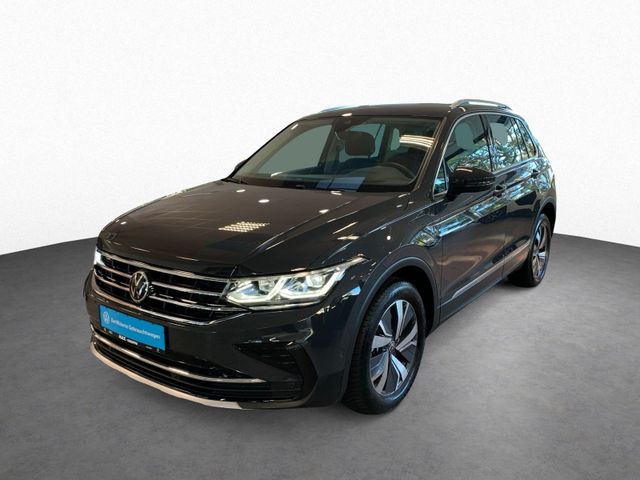 Tiguan 1.4 eHybrid ELEGANCE IQ.LIGHT+KAMERA+AHK+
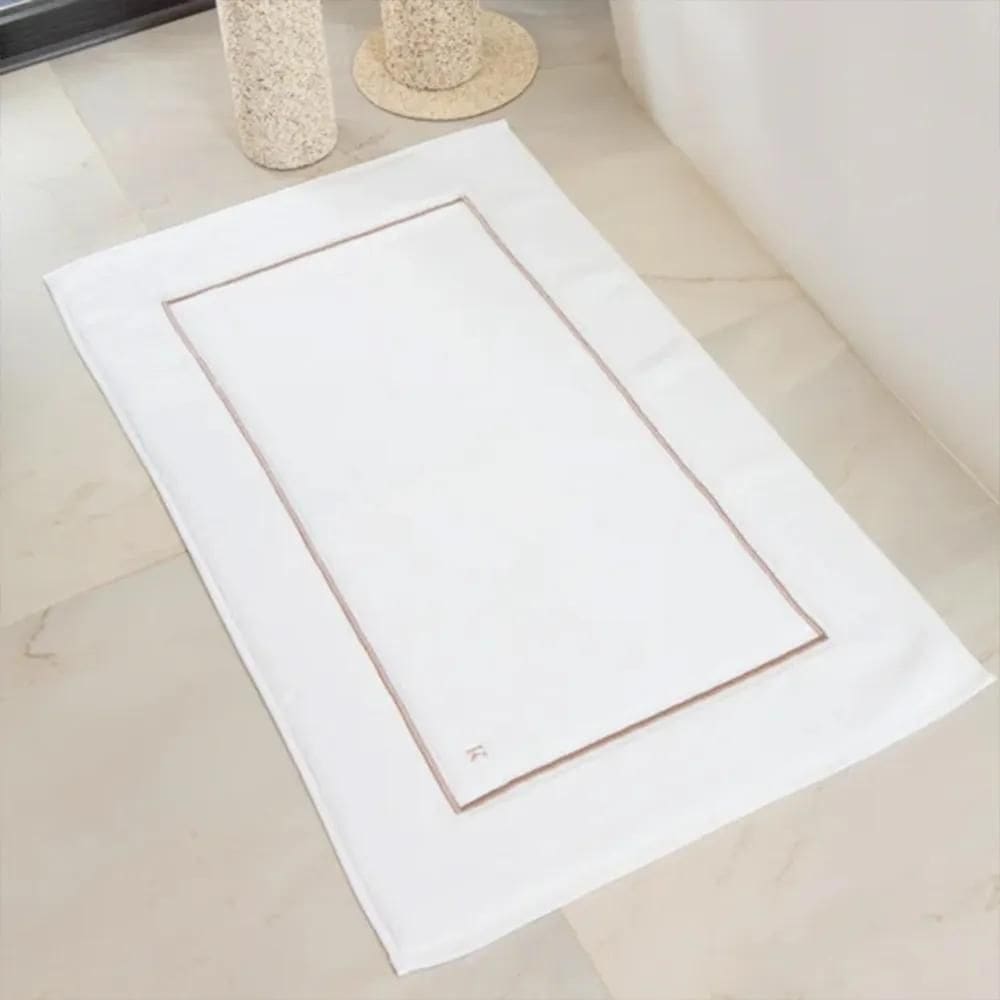 Toalha De Piso Lazio 48 X 80 - Kacyumara Branco / Rose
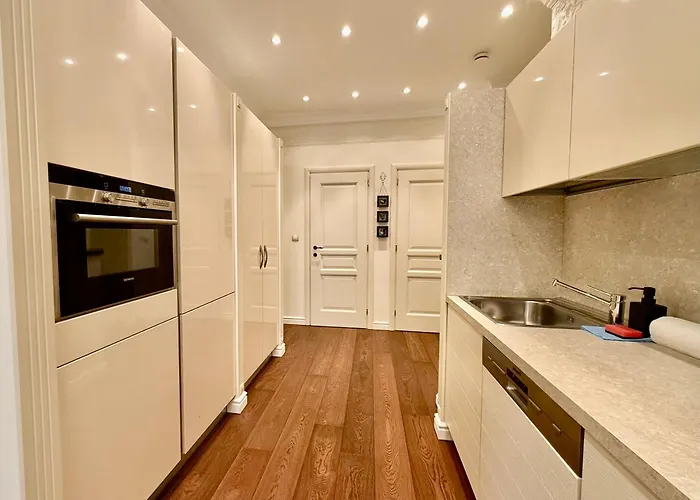 Unique Charles Bridge 2bdr Apartment. Prague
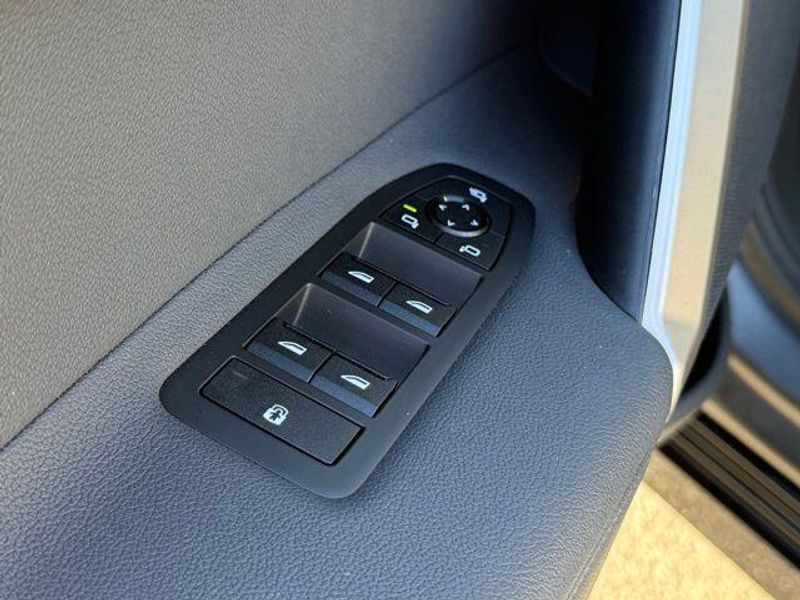 Used 2026 BMW iX xDrive45Image 18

**What to do**
Print the stretch of the data from the line with "Toalha De Piso" through its last line, exactly and with both ends kept. Omit pictures.

**Response area**
 Toalha De Piso Lazio 48 X 80 - Kacyumara Branco / Rose
 Unique Charles Bridge 2bdr Apartment. Prague
 Used 2026 BMW iX xDrive45Image 18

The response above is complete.